Bu, müslüman aydınların genel sıkıntısıdır. İlmiyle inancı arasında hiçbir alâka yoktur ve o bu alâkasızlığı çok uzun zaman önce bünyeleştirdiği için, artık farkında bile değildir. Darwin gibi konuşan pek çok müslüman görürsünüz. Veya ruhî meseleleri Freud’un fikirleriyle açıklamaya çalışan… Bunlar uç örnekler; ama eğitim aldığı hangi alansa, o alanda, o alanın İslâmdışı fikirleriyle iş görüp, sonra inancına dönen, bir nevi laikliği tersinden gerçekleştiren…
İşte bugün kuruluşunun 38. yıldönümünü kutladığımız İBDA, İslâm’a en önemli hizmeti olarak, Müslümanlardan bu “gizli şirk”i kaldırıyor. O, hangi eğitim mevzuu olursa olsun, ona doğrudan doğruya İslâmî bir şuurla girmenin diyalektiğini ortaya koyuyor. Artık psikolojiye mi gireceksiniz, sosyolojiye mi gireceksiniz, fiziğe, kimyaya, biyolojiye, hangi muasır meseleye bakacak olursanız olun, “eğitim ayrı inanç ayrı” demek zorunda değilsiniz; o meseleyi doğrudan doğruya “imânın bir gereği” olarak kavramanın tılsımına erebilirsiniz.

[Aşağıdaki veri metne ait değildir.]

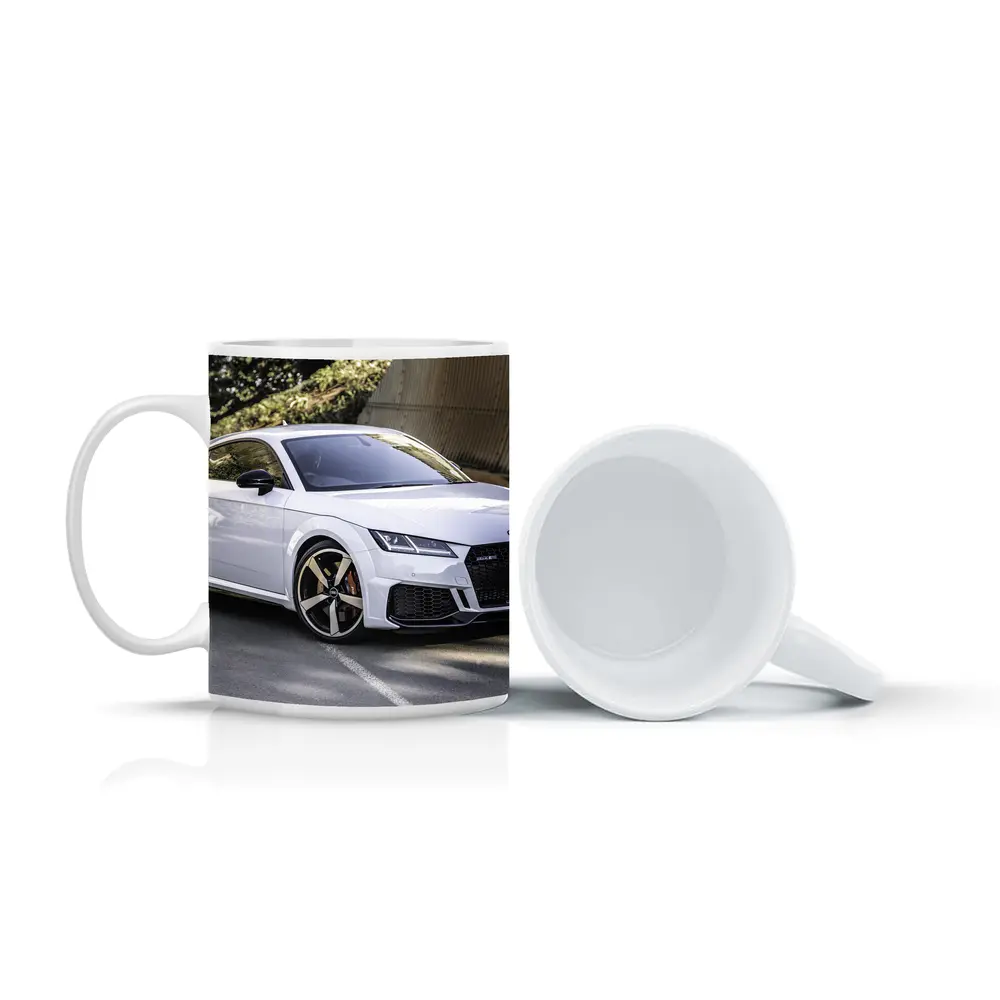 Audi TT RS White Sports Car Street – Mugs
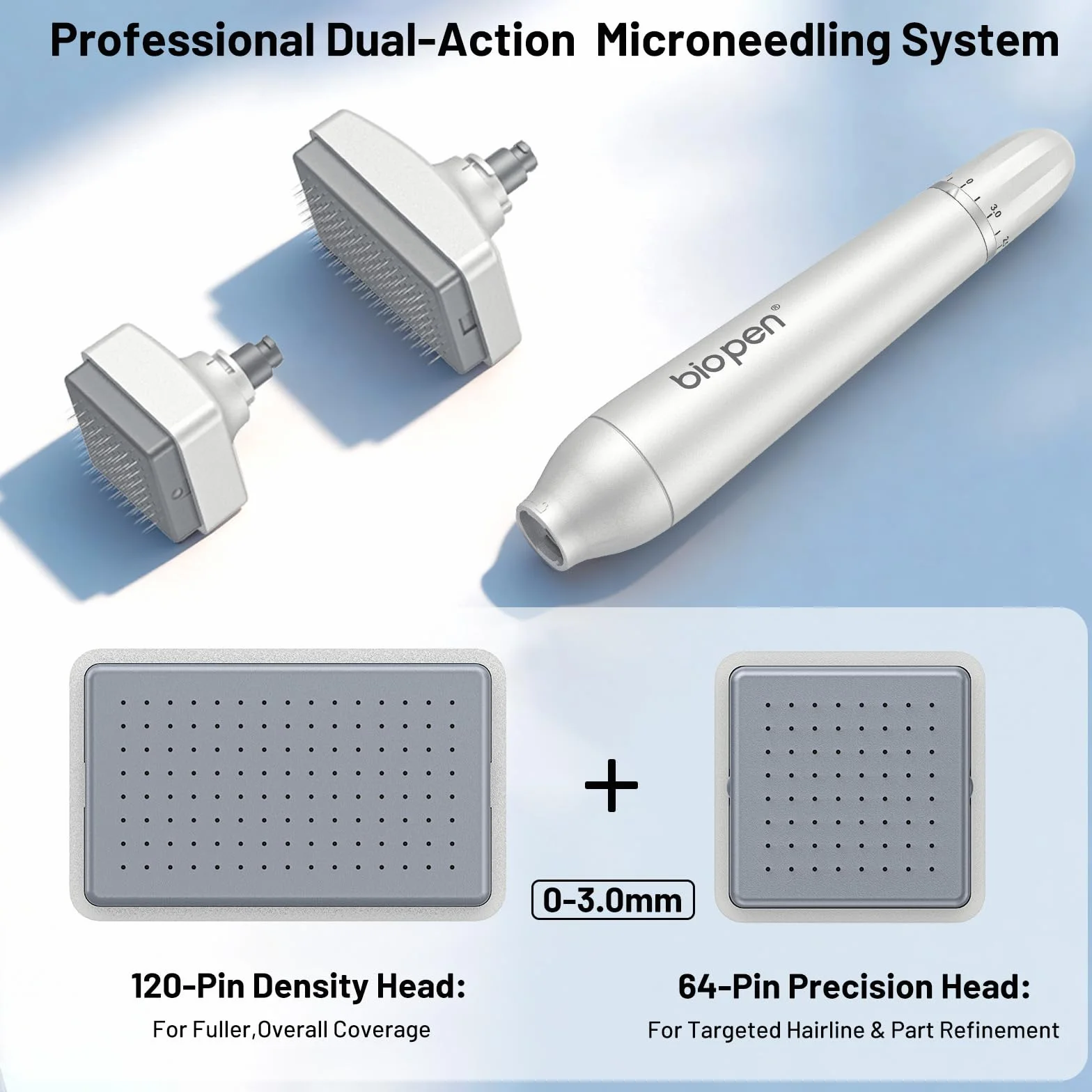 Bio 4 Microneedling Derma Stamp – Sistema Professionale a Doppia Azione con Testine 120 e 64 Aghi in Titanio, 0-3 mm Regolabile – Fino a +60% Fssorbimento Siero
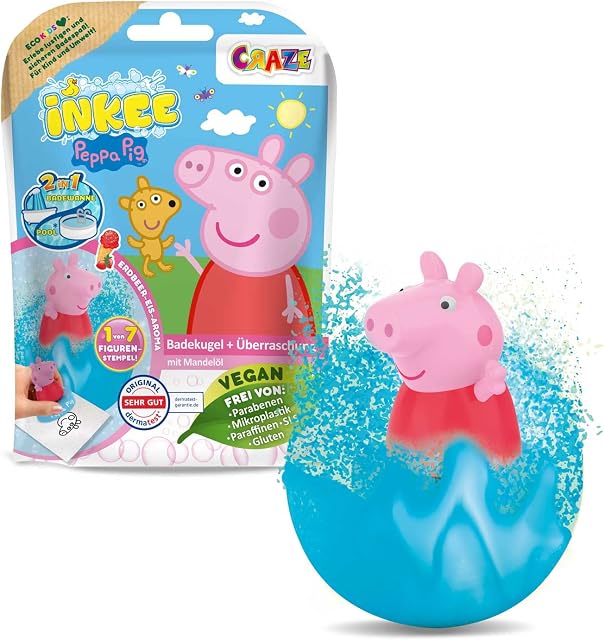 Craze Inkee Surprise  świnka Peppa Pig kule do kąpieli dla dzieci z niespodzianką, świnka Peppa, zabawka do wanny  dodatek do kąpieli 43127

Salih Mirzabeyoğlu Müslüman gençlere işte bu yolu açıyor. Onun farklılığı burada. İbda Diyalektiği, çağın bütün meselelerine sırf İslâmî dünya görüşünün prensipleriyle bakmanın usûlünü göstermekle kalmıyor, onları “imânın gereği”, hattâ “imânın aynı” olarak kavramanın şuurunu da ortaya koyuyor.
Bakın, inançlı bir insan: Teoman Duralı. Ama fikirleri İslâmî değil. Felsefeden aldıklarını İslâmî bir bünyede eritmek yerine, “felsefe-bilim” gibi yine felsefede biten bir konsepte dönüştürüyor. Halbuki İbda, aynı malzemeyi, “imânın aynı” hâlinde Hikemiyat disiplininin verimi kılıyor. “Elini küfre değidirse şeriat doğar” hikmeti… Bir de bunun tam tersi teolog tayfası var: “Elini şeriata değdirse küfür doğar!”
Mirzabeyoğlu bu yüzden geleceğimizdir. İslâm inkılâbının kalbidir.